The sewage leak was initially stopped Monday night, but another rupture occurred during repairs. It was finally stopped Tuesday and an above-ground bypass system was being built so repairs and cleanup could get underway, said Adel Hagekhalil, assistant director of Los Angeles Sanitation.

Warning signs and flags were up along the closed beaches and lifeguards shooed away some visitors.

“Just pure disappointment,” beachgoer Francisco Aleman of Lake Elsinore told KABC-TV. “My little sister, she wanted to come to the beach forever, the whole summer…she gets here and it’s like, you can’t get in, so what’s the point, you know?”

The closure was a financial hit for M&M Surfing School of Seal Beach, which had to cancel classes for 70 students at a loss of $85 each.

“Nobody went out,” owner Michael Pless said. “The bummer is I have people coming from all over the world. I have people from England, Sweden.
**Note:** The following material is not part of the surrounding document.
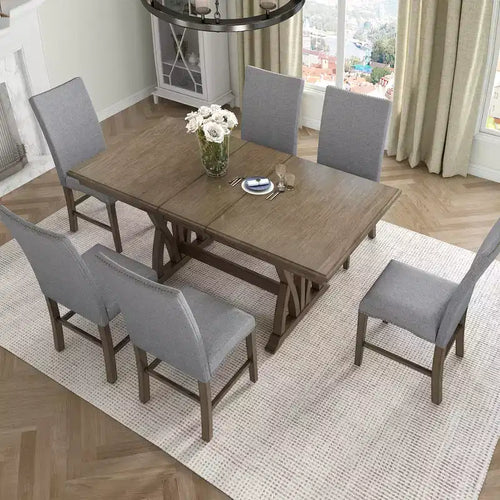 Ensemble de salle à manger extensible 7 pièces pour 6 personnes, ensemble de table de cuisine de style campagnard avec 6 chaises rembourrées pour salle à manger, gris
I had people flying in to meet me.”

Pless said he took some younger students, whose parents had dropped them off, to his home pool and Jacuzzi.

“They didn’t get to surf but they got to play,” Pless said.

The 1929 concrete, tiled-lined pipe that broke was 18 feet underground, while more recent pipes are 80 to 100 feet below, Hagekhalil said.

The top collapsed and choked the pipe with debris, creating an overflow.

The cause of the collapse wasn’t clear.

The pipe had been scheduled for replacement in two years. “It just did not wait for us,” Hagekhalil said.